Gene knockdown by small-interfering RNA (siRNA)

The small interfering (si) RNA duplexes for rat NMB and a negative control siRNA were bought from GenePharma. VSMCs were transfected using Amaxa Nucleofector (Lonza) according to the manufacturer’s instructions.

Flow cytometry analysis

VSMCs were incubated in calcification medium for 7 days, washed twice in 1X PBS, and fixed in chilled 70% ethanol. The cells were stained with 5 μg/ml propidium iodide (Sigma) at 23-25°C for 10 min and analyzed using FACS Calibur (BD Bioscience). The cell cycle profile was determined using the Modfit LT software.

TUNEL assay

Apoptotic cells were detected using the DeadEndTM Fluorometric TUNEL System (Promega) in accordance with the manufacturer’s instructions. Cells were incubated in calcification medium for 7 days, fixed in 4% paraformaldehyde for 25 min at 4°C, and permeabilized with 0.2% Triton X-100 for 5 min at room temperature. Free 3’-ends of the fragmented DNA were labeled in the TUNEL reaction mixture for 60 min at 37°C in a humidified chamber and visualized under a fluorescence microscope (Nikon).

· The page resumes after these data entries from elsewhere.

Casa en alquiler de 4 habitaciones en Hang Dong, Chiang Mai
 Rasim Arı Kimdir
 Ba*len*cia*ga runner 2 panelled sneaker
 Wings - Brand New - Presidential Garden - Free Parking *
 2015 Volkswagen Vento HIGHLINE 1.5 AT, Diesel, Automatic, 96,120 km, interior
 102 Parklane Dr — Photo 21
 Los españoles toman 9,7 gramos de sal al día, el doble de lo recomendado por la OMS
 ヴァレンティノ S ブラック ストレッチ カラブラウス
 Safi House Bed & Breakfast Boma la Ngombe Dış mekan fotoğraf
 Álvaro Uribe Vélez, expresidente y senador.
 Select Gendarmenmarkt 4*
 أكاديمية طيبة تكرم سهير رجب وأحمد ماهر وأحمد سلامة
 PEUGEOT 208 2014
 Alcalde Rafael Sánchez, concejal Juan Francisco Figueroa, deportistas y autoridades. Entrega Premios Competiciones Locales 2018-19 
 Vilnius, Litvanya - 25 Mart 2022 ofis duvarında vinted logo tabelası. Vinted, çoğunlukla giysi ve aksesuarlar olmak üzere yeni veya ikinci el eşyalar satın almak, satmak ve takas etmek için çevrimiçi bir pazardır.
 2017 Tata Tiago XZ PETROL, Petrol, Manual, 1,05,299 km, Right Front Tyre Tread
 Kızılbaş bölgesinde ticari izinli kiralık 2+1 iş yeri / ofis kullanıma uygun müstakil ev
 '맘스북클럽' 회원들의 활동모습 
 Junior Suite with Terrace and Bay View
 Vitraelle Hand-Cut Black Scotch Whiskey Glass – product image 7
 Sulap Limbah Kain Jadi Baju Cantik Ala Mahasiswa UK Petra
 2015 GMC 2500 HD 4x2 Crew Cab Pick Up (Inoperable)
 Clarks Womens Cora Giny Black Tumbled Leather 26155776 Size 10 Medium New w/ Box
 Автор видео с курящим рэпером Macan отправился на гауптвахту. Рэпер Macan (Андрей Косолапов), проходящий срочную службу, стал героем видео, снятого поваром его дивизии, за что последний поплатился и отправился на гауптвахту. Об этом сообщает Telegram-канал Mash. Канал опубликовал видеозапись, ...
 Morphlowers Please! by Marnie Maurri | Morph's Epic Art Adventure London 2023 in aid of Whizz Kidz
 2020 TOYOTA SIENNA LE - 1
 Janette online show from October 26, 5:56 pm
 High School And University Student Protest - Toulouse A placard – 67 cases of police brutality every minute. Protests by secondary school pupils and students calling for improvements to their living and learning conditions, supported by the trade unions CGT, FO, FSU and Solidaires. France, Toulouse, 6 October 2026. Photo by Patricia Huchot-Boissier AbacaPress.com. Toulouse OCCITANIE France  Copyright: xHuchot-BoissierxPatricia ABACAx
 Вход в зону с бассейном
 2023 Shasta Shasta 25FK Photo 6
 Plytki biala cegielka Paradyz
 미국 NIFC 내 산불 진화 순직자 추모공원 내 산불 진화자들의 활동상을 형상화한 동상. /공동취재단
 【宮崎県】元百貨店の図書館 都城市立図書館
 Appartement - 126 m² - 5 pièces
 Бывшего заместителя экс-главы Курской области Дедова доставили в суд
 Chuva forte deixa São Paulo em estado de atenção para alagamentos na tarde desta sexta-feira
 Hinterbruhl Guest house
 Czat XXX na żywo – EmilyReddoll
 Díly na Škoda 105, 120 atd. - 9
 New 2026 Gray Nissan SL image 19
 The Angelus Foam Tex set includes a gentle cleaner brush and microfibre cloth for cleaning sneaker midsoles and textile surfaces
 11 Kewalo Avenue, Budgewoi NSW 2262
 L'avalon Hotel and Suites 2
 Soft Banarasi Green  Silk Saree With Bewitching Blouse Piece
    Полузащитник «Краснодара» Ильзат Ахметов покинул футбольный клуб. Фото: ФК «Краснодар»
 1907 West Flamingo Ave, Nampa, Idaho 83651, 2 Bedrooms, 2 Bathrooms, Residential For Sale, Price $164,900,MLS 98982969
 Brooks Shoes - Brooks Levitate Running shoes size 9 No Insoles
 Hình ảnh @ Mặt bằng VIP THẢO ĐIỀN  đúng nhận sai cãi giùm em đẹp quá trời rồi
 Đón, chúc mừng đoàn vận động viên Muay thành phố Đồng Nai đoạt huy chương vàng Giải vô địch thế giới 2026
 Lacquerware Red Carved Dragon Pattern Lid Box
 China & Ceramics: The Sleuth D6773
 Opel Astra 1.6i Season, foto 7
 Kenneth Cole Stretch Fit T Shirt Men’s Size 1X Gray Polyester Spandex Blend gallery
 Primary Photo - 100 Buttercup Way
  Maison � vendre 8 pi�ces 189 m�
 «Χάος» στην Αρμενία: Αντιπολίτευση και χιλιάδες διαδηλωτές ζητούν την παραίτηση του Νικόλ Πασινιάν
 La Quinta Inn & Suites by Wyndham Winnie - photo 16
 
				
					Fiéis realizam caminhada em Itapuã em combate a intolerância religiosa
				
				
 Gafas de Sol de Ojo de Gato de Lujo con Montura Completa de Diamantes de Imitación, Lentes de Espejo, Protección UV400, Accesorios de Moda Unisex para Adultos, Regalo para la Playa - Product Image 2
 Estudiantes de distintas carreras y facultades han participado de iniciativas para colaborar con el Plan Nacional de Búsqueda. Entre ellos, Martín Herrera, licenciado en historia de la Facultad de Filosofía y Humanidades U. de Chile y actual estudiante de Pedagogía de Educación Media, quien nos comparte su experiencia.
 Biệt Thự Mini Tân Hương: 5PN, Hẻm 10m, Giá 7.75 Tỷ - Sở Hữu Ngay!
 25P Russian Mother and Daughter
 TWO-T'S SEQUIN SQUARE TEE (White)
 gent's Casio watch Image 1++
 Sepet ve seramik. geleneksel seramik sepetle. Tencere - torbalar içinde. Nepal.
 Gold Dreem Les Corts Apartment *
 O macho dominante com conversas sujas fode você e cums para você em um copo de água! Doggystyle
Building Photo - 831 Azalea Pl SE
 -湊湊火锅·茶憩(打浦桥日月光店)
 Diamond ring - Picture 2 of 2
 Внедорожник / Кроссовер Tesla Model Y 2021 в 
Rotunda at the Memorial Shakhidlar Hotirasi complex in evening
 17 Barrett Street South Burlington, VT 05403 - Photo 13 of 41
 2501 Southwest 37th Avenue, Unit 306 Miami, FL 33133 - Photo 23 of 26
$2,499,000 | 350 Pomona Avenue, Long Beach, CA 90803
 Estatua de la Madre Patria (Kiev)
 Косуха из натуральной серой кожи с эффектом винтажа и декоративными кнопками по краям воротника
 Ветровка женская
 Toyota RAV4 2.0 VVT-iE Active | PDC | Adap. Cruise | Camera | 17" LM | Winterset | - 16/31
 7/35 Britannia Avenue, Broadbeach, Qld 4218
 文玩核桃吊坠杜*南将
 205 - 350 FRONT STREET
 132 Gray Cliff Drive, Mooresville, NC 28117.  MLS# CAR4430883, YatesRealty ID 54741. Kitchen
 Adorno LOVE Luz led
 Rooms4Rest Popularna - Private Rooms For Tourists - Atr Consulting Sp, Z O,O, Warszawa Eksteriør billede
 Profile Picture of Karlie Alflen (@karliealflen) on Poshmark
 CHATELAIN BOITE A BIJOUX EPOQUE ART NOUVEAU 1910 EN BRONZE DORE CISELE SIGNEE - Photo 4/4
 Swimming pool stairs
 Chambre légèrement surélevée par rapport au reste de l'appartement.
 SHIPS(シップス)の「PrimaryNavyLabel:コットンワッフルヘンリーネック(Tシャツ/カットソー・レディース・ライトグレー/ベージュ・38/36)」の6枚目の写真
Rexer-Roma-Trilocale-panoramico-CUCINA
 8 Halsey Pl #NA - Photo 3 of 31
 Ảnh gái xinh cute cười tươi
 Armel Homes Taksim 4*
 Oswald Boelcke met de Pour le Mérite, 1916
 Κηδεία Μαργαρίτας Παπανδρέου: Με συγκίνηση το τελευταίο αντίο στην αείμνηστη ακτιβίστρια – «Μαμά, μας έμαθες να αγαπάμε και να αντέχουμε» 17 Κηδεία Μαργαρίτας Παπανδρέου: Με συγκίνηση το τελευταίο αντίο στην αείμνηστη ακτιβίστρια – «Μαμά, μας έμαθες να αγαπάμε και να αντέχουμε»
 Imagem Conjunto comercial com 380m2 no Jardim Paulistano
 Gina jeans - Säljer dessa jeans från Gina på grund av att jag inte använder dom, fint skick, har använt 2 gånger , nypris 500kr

Arterial ring calcification

The thoracic aortas were excised in a sterile manner from male Sprague–Dawley rats (6-week-old, Samtaco). After removing the adventitia and endothelium, the vessels were cut into 2-3-mm rings and placed in either calcification medium or normal culture medium at 37°C in 5% CO2 for 10 days, with medium change once every 3 days.

Induction of CKD rat model

CKD was induced as described previously (31). Twelve-week-old male Wistar rats (Orientbio) were randomly divided into four groups: sham, CKD, sham + PD168368, CKD + PD168368. Animals from the sham groups were fed a normal diet, whereas those from the CKD groups were fed a diet supplemented with 0.75% adenine for 8 weeks. For PD168368 treatment, CKD mice were injected intraperitoneally with PD168368 (1.2 mg/kg/day) or vehicle (PEG 400, Sigma) three times a week for 8 weeks.

Quantitative real-time RT-PCR, western blot analysis, and immunocytochemistry

Quantitative real-time RT-PCR, western blot analysis, and immunocytochemistry were performed as described in the Supplementary material.

Statistical analyses

Data are the mean ± standard deviation of at least three independent experiments. Statistical comparisons between groups were performed by the one-way analysis of variance followed by the Student t-test.